Tot enkele jaren geleden werd in de bouwpraktijk zo goed als uitsluitend gewerkt met het contractuele model dat door de rechtsvoorganger van Koninklijke Bouwend Nederland, VG Bouw, werd geïntroduceerd in 1992 en algemeen als het VG Bouw Model Bouwteamovereenkomst 1992 wordt aangeduid. Inmiddels zijn er twee nieuwe modellen bijgekomen, en wel de Modelovereenkomst Bouwteam DG 2020 en Model Bouwteamovereenkomst 2021 (laatste opgesteld door Koninklijke Bouwend Nederland en te beschouwen als de opvolger van het VG Model Bouwteamovereenkomst 1992). Bij de totstandkoming van de recente modellen (Model DG 2020 en VG Model 2021) zijn door de opstellers ervan verschillende keuzes gemaakt, die toch wel opvallend te noemen zijn.

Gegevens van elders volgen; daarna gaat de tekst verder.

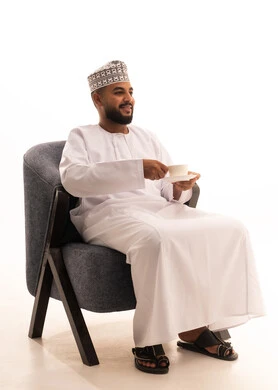 Spending free time sipping a favorite drink, enjoying hot beverages, having warm winter herbs, a portrait of an Arab Gulf Omani man wearing a dishdasha and a turban sitting on a chair drinking coffee with gestures of happiness and joy, white background.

Bijzonder genoeg hebben beide opstellers (Koninklijke Bouwend Nederland respectievelijk een special interestgroep van het platform Duurzaam Gebouwd) er voor gekozen om er geen zogeheten ‘paritaire documenten’ van te maken. Dat heeft als voordeel dat indien de overeenkomsten als model worden gebruikt in het kader van een aanbestedingsprocedure, er afgeweken mag worden van de modelteksten, zonder dat dit tot een motiveringsplicht voor de aanbestedende dienst lijdt.
Voor de bouwrechtpraktijk is het gegeven dat er nu keuze is uit drie verschillende Model Bouwteamovereenkomsten van groot belang. De vraag welk Model van de drie het beste bij uw bouwproject past is aan de hand van de modellen, niet zonder meer te beantwoorden. Het zijn voor de bouwrechtpraktijk alle drie goed bruikbare modellen. Wél is het zaak om stil te staan bij het feit dat er drie modellen zijn, en dat er dus ook iets te kiezen valt voor de opdrachtgever.